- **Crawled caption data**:
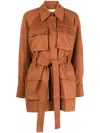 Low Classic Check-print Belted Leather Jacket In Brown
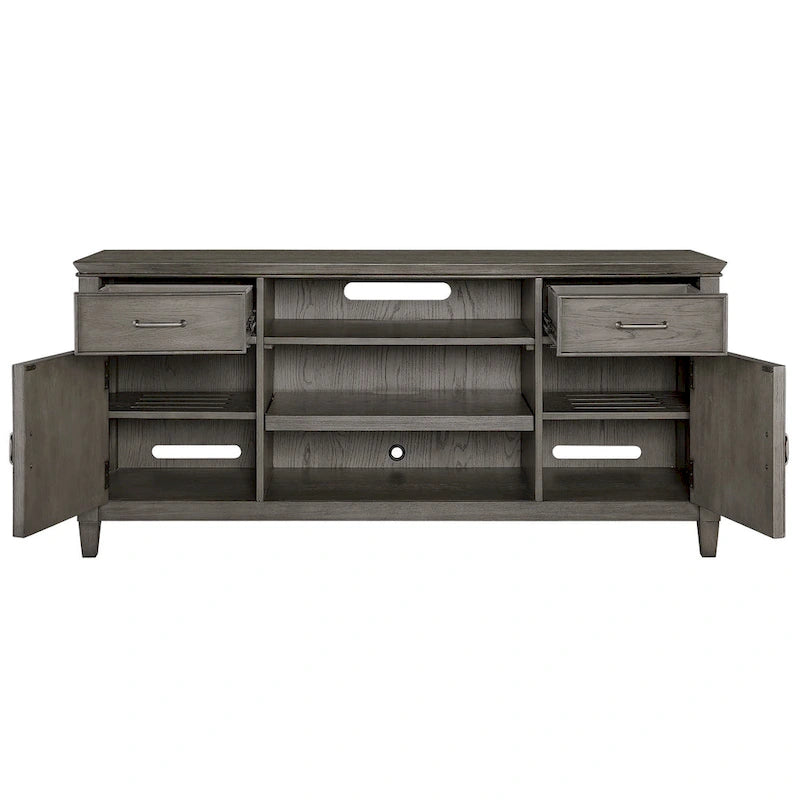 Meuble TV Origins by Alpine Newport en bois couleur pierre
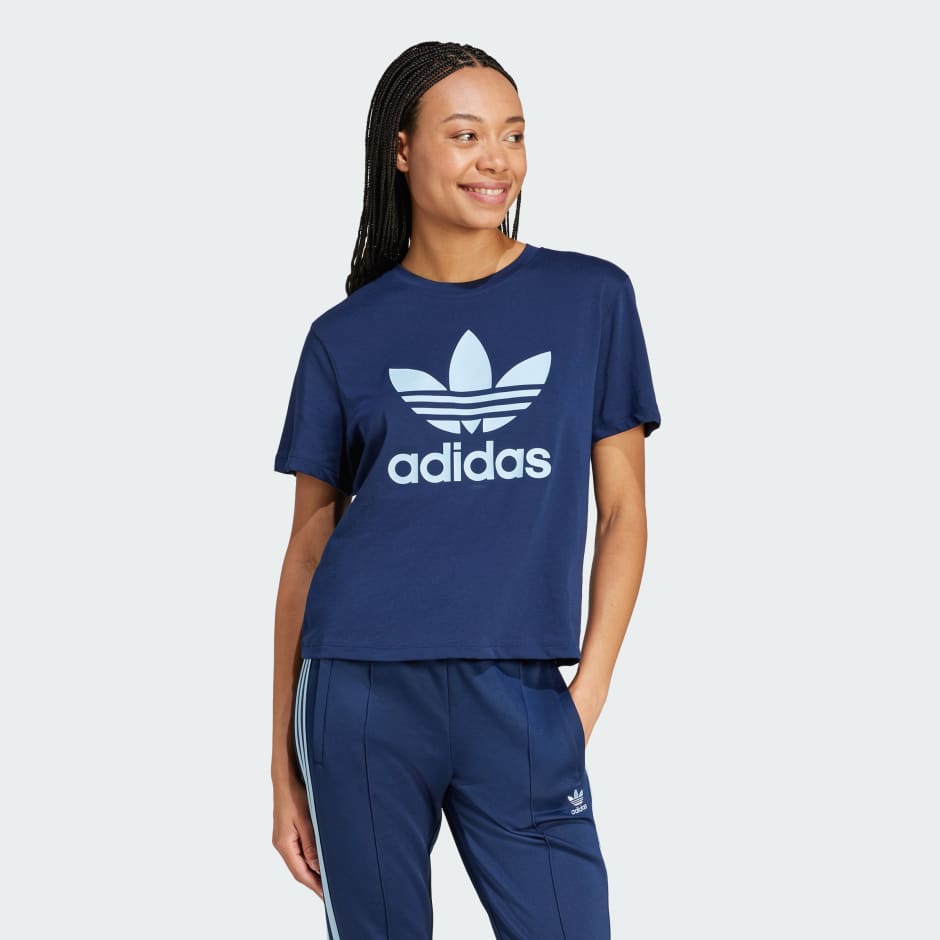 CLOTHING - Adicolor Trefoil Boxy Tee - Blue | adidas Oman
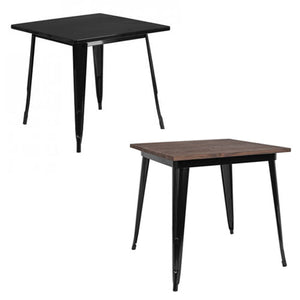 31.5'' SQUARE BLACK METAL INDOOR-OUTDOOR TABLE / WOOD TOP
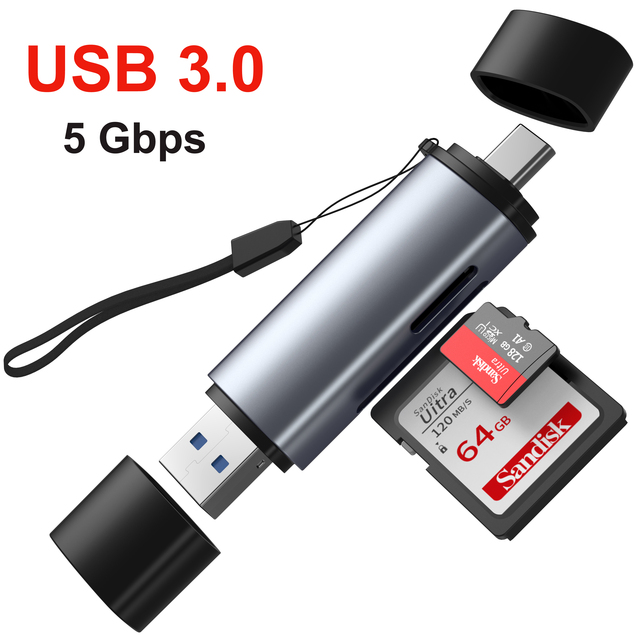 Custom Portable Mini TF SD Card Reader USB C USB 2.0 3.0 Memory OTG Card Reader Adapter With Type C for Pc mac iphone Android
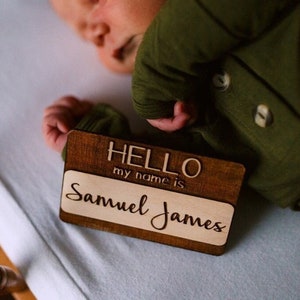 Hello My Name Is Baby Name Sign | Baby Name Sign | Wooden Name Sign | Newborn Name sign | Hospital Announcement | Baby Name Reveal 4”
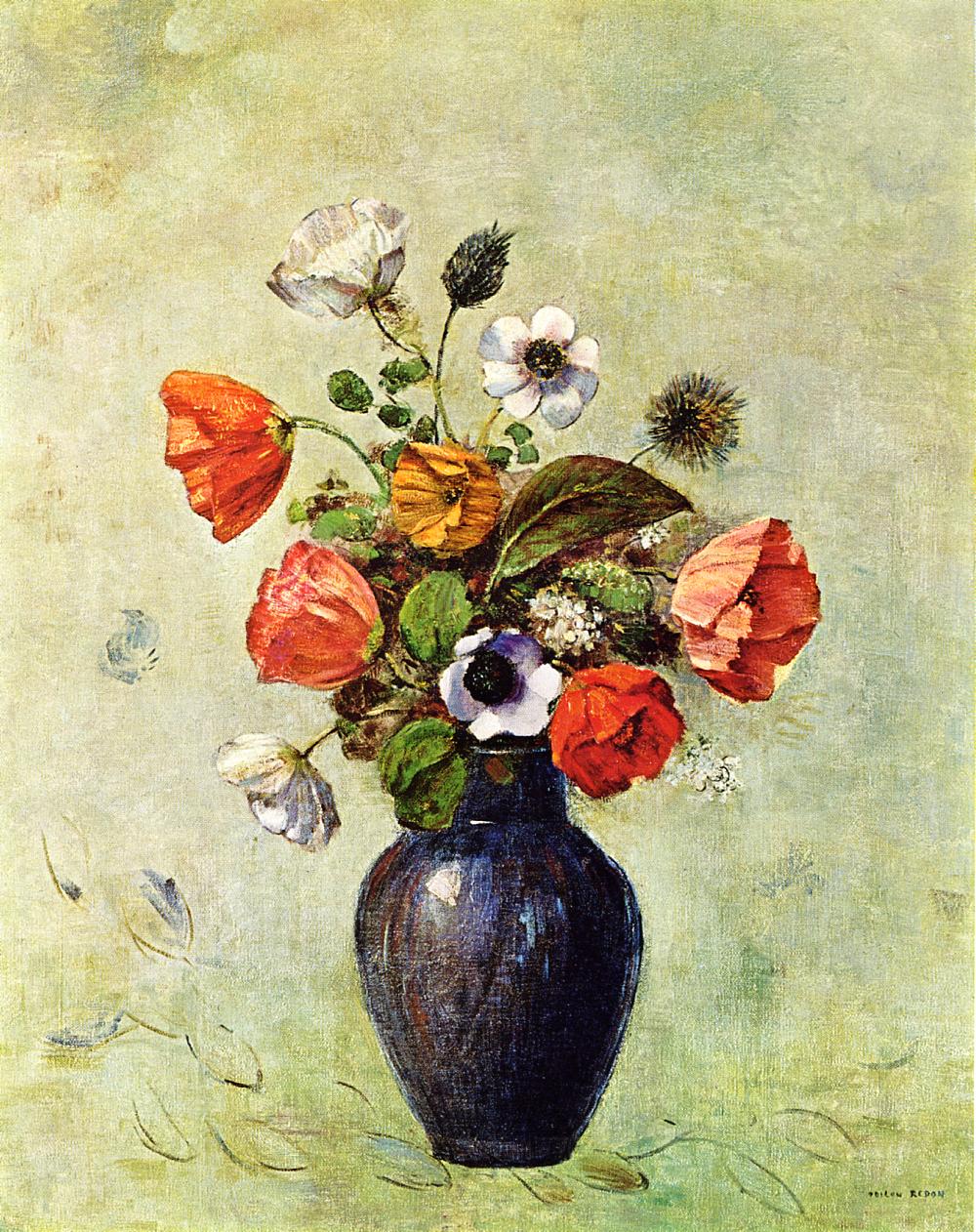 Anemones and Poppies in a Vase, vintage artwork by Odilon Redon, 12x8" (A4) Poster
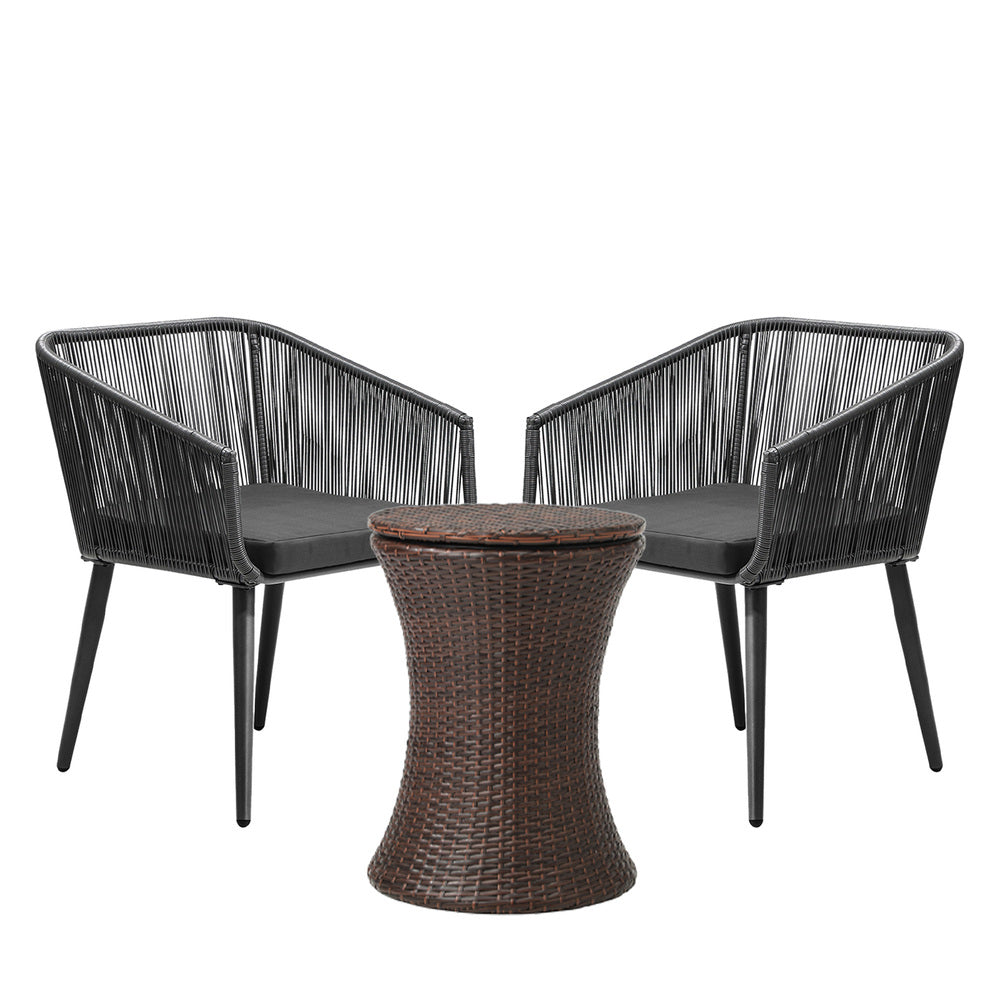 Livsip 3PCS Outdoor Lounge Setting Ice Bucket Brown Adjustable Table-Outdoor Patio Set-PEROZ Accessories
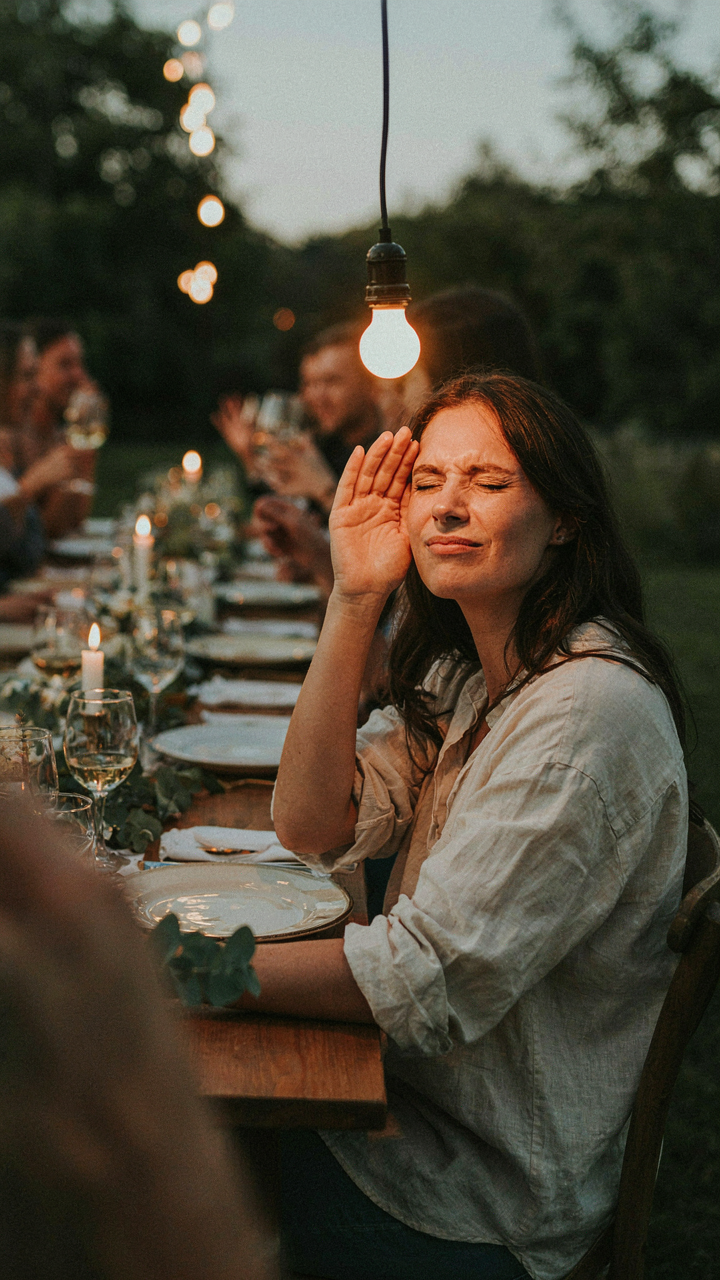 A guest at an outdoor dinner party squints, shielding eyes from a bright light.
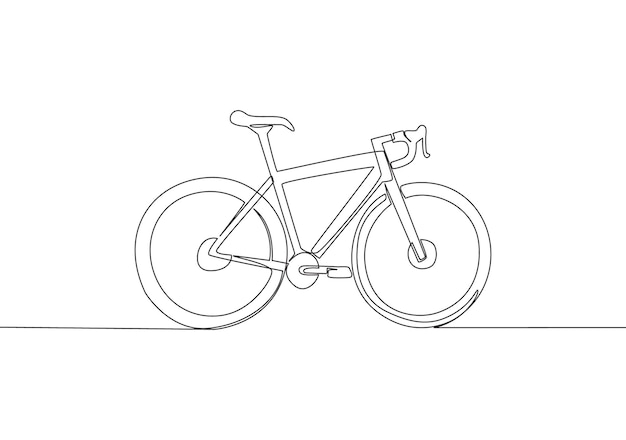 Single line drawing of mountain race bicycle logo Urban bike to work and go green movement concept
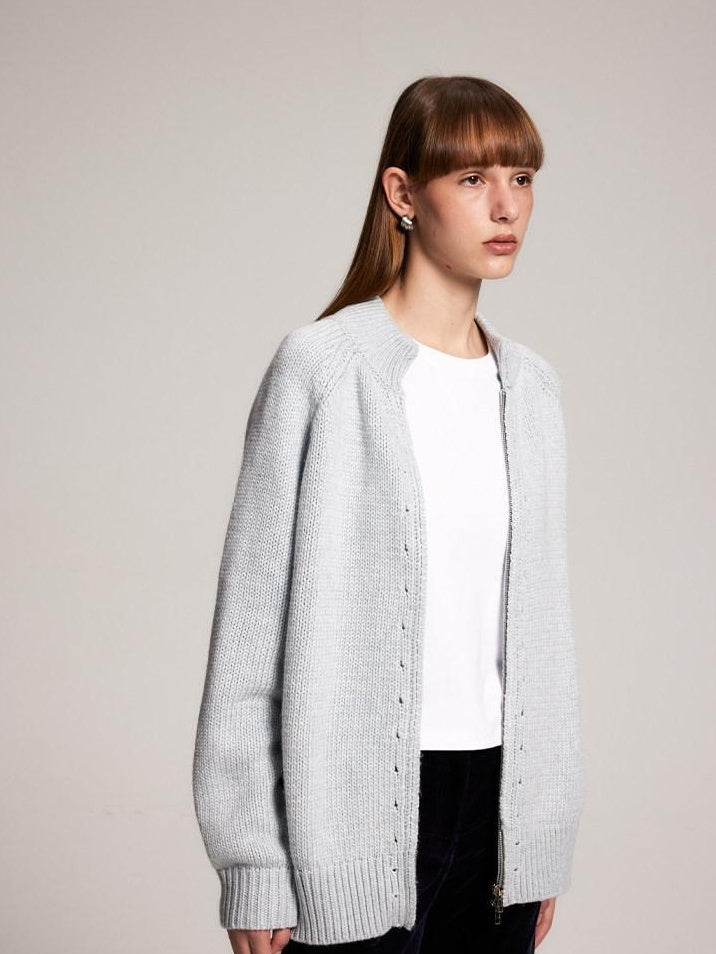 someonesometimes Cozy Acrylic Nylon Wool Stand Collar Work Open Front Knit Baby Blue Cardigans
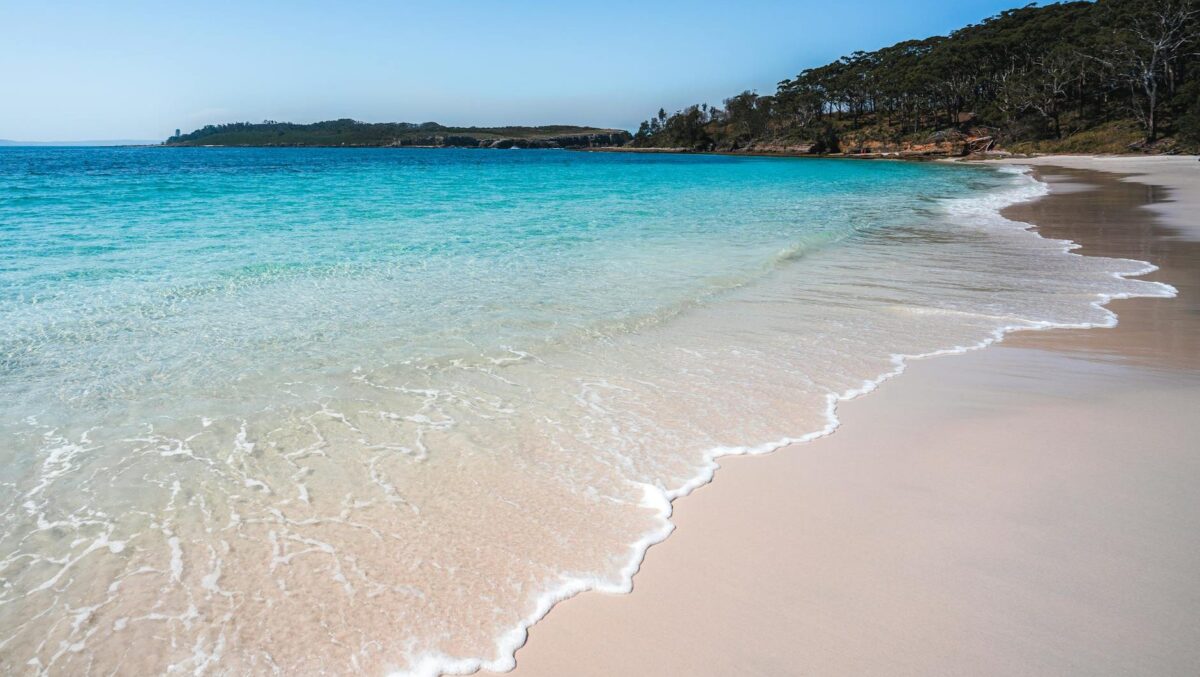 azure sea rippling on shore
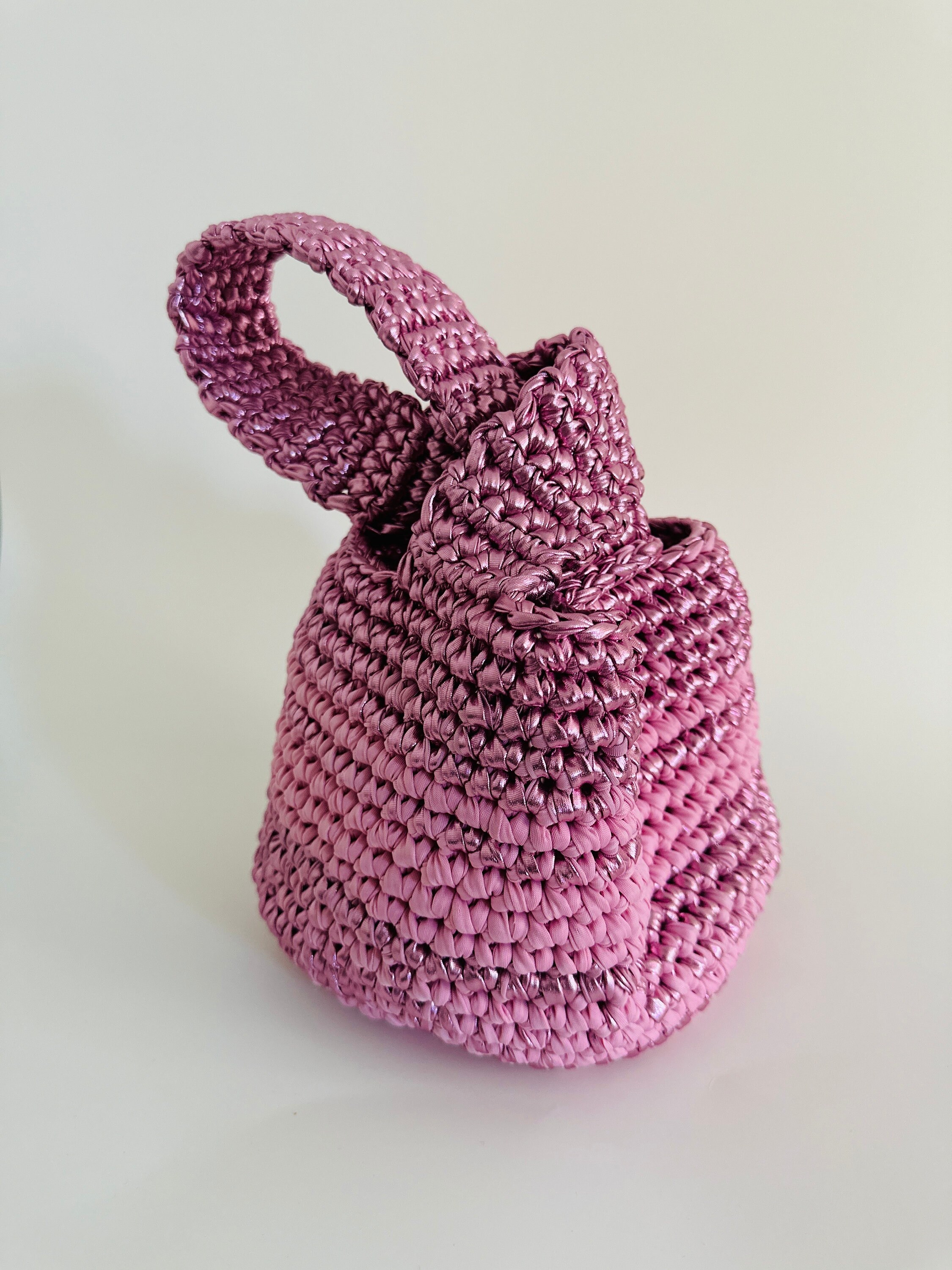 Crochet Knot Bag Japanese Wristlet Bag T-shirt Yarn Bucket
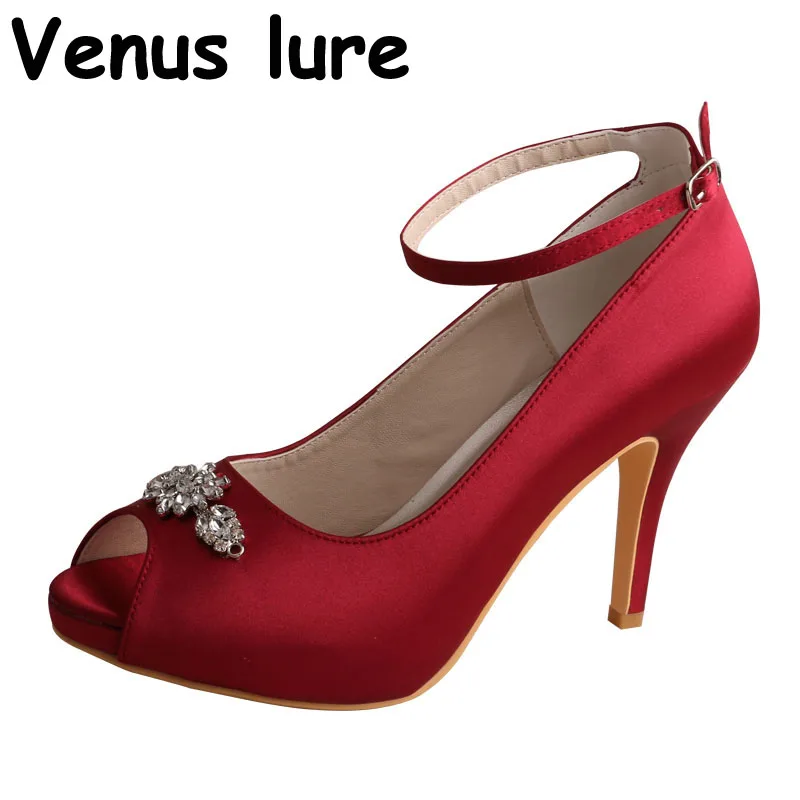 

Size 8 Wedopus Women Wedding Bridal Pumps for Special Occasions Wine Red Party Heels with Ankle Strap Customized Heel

- **What you will do**: Ending at the line with "Livsip 3PCS Outdoor", reproduce exactly the lines that begin at the top of the data, and include no pictures.

- **Output for this task**:
 Low Classic Check-print Belted Leather Jacket In Brown
 Meuble TV Origins by Alpine Newport en bois couleur pierre
 CLOTHING - Adicolor Trefoil Boxy Tee - Blue | adidas Oman
 31.5'' SQUARE BLACK METAL INDOOR-OUTDOOR TABLE / WOOD TOP
 Custom Portable Mini TF SD Card Reader USB C USB 2.0 3.0 Memory OTG Card Reader Adapter With Type C for Pc mac iphone Android
 Hello My Name Is Baby Name Sign | Baby Name Sign | Wooden Name Sign | Newborn Name sign | Hospital Announcement | Baby Name Reveal 4”
 Anemones and Poppies in a Vase, vintage artwork by Odilon Redon, 12x8" (A4) Poster
 Livsip 3PCS Outdoor Lounge Setting Ice Bucket Brown Adjustable Table-Outdoor Patio Set-PEROZ Accessories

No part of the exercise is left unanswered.